Support but surprise

DuPont Nutrition and Health submitted a five-page comment on the proposal, stating that the company “support[s] FDA's initiative to take into consideration new evidence that has been generated from research conducted over the last 18 years”.​ However, FDA’s criteria for selecting which studies are included and why is “somewhat unclear”​, states the company.

“Unlike some other health claims, the soy protein and CHD claim is extremely specific, stating incorporation of 25g of soy protein in a diet low in saturated fat and cholesterol may reduce risk of heart disease. In the original 1998 evaluation, FDA suggested there is a dose effect, observing clinical trials testing dose of 25g of soy protein per day led to clinically significant reductions of total- and LDL-cholesterol levels. It is therefore unexpected that the same specificity, selecting studies that tested efficacious dose, was not applied in selecting studies for this recent review conducted by FDA, where studies testing doses below the acknowledged 25g dose were considered,” ​stated DuPont in its comments.

DuPont also voices surprise that the agency did not build on the original evaluation, which was completed in 1999, to include more recent studies which may better reflecting the dietary patterns and health status of the current population.

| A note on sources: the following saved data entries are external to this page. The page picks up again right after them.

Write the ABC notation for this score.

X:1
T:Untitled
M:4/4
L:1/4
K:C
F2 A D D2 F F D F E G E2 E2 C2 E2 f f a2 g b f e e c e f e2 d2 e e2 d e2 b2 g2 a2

Such an approach was taken by Janice Harland and Tanya Haffner for a systematic review and meta-analysis published in Atherosclerosis​ in 2008 (Vol. 200, No. 1, pp. 13-27). Harland and Haffner found that, “the inclusion of modest amounts soy protein (25g) into the diet of adults with normal or mildly elevated blood cholesterol resulted in small, highly significant reductions in total and LDL cholesterol, equivalent to 6% LDL reduction,”​ noted the DuPont comments.

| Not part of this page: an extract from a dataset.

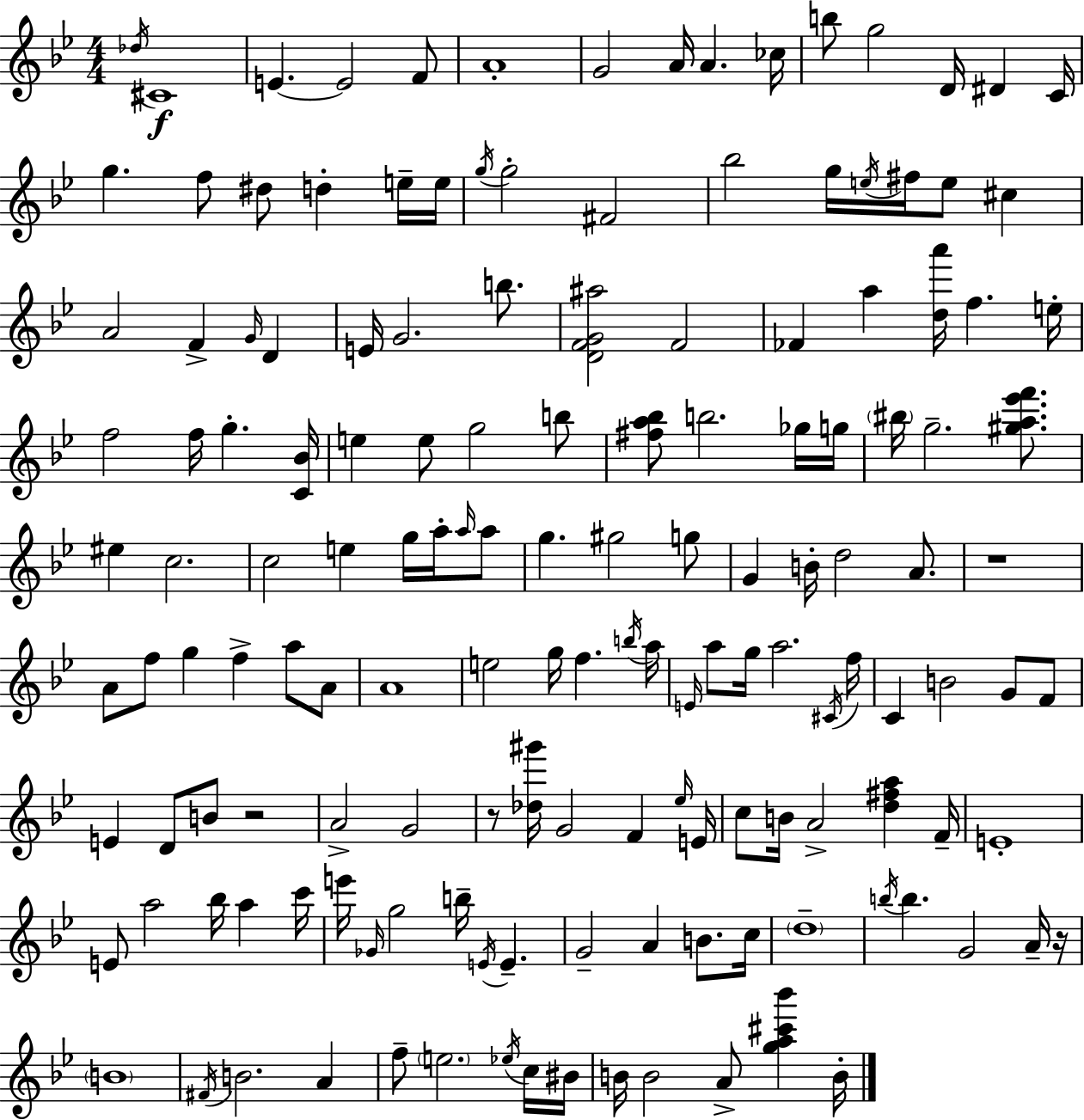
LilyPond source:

25g of soy protein per day remains clinically relevant

Heart health © Getty Images pkstock
Image © Getty Images / pkstock

“Soy protein is an effective food ingredient to achieve cholesterol lowering,” ​stated the comments. “The magnitude of cholesterol lowering is clinically relevant and should be taken into consideration in the review conducted by the FDA. While dampened when compared to results obtained in early studies in this area prior to approval of the claim, the cholesterol lowering effect of inclusion of 25g of soy protein remains clinically relevant within the body of literature for soy and comparable to other components that bear FDA claims.

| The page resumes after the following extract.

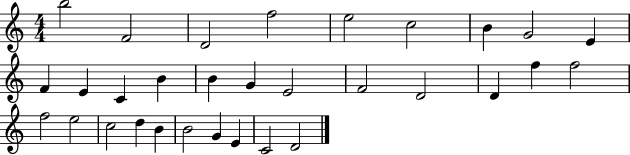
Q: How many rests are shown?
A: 0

“In conclusion, by modifying the existing status of the soy heart health claim, FDA is not meeting their mandate for providing clear, evidence-based guidance that is practical and actionable. Soy protein is a lean, high quality source of plant protein that can support health across the lifespan. The considerable amount of existing consistent evidence that demonstrates inclusion of foods providing 25 g of soy protein per day can have a clinically relevant effect in individuals with normal to moderately elevated cholesterol levels. Soy protein can be included in the diet along with other recognized components that have a beneficial effect on heart health, in alignment with current Dietary Guidelines, suggest a greater shift toward plant-based eating.”